Eu sempre quis dar aula, mas desde que me assumi trans vejo isso como um universo bem distante, quase impossível. Apesar da timidez, estar na frente de uma sala de aula, mesmo que pra apresentar um trabalho, sempre foi algo que me encheu de alegria, me motivava. Hoje eu fico pensando que se eu estiver na frente de uma sala cheia de alunos eu vou ser motivo de risada, infelizmente.
Eu estou matriculada no Serviço Social da UFRJ, mas estou afastada. Alguns professores não respeitavam meu nome social e meu gênero. Certa vez, durante o intervalo das aulas, uma outra estudante perguntou se eu trabalhava com teatro, por conta da minha aparência.
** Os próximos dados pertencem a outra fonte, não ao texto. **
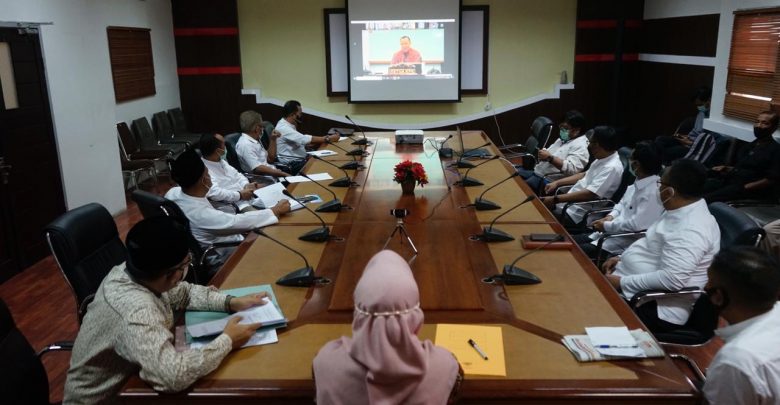 Wakil Gubernur NTB menghadiri Rapat bersama KPK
Isso tudo foi fazendo eu me afastar daquele espaço.
O que me surpreendeu positivamente foi o acolhimento da minha turma na época. No primeiro semestre eu ainda não tinha transicionado, e voltei para o segundo semestre já tendo começado a transição de gênero, e todas elas e eles foram super acolhedores. Mas isso não se refletiu nos professores e alunos de outras turmas do mesmo campus.
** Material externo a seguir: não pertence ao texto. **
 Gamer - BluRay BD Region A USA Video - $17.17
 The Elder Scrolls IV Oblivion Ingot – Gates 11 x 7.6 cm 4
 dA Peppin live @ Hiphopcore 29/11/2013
Cheguei a trabalhar na Anistia Internacional, onde ocupei a função de assistente administrativa e recepcionista. Quando comecei a transição fui muito acolhida, o diretor da organização na época me chamou e disse que sabia que eu estava passando por uma transformação pessoal e que não era para eu ter medo. Saí de lá quando fui trabalhar com a Marielle Franco, que conhecia de vista por ela ser coordenadora da Comissão de Direitos Humanos da Assembleia Legislativa do Rio de Janeiro (Alerj), e eu trabalhar na Anistia, que é uma ONG de direitos humanos.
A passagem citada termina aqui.